30. JOHN OLSEN
John Olsen is widely acknowledged as being Australias greatest living artist. Accolades in later life, including the Wynne Prize for landscape painting in 1985 (which he first won in 1969), the Sulman Prize for genre painting in 1989, and the Archibald Prize for portraiture in 2007 at the age of 77, are not only a testament to the longevity of his career, but also a reflection of the diversity of his subject matter.
The artist trained with such accomplished artists as Dattilo Rubbo (1870-1955), John Passmore (1914-2004), Desiderius Orban (1884-1986) and Godfrey Miller (1893-1964).
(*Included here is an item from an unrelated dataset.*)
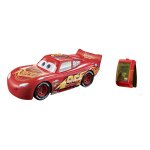 Mattel cars 3 - mcqueen bracelet pilotage Mattel cars 3 - mcqueen bracelet pilotage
With Rubbo he worked from plaster casts, while his training under Passmore encompassed activities ranging from painting freely on swathes of newspaper to painstakingly rendering discreet areas of colour with small brushes.1 He further built on this academic training by studying printmaking in Paris.
Following this formal training, Olsen was later to unleash his natural joie de vivre and distinctive style of mark-making upon a myriad of surfaces, including the ceiling of Sydney gallerist Frank McDonalds dining room (a mural now in the collection of the National Gallery of Victoria) and the concert hall of the Sydney Opera House, a work which remains in situ to this day. When not tackling major commissions such as these, the artist has continued to work with a diverse range of media including oil, watercolour, printmaking, sculpture and even tapestry, creating works which now reside in major public and private collections.
Despite spending extended periods living overseas and travelling widely within Australia, Olsen has continued to return to the subject of Sydney Harbour. While his most recent biographer credits the 1956 oil, Dry Salvages, with being the beginning of Johns lifelong love affair with Sydney Harbour,2 the artist has continued his long association with this iconic body of water through the epic Salute to Five Bells of 1972 in the Sydney Opera House to later career works, such as this effervescent watercolour, Harbour Tidal Pool 1993.
The linear formations of Dry Salvages 1956, which are inspired by cranes looming over the rapidly changing Sydney Harbour, can be contrasted with the eerie aquatic quality of the iconic 1972 Opera House mural, which conflates the concepts of above and below, portraying multiple perspectives at the same time. The same device is at work in Harbour Tidal Pool 1993, which simultaneously represents the antlike (or should we say froglike?) peregrinations of creatures both above and below the surface of the water.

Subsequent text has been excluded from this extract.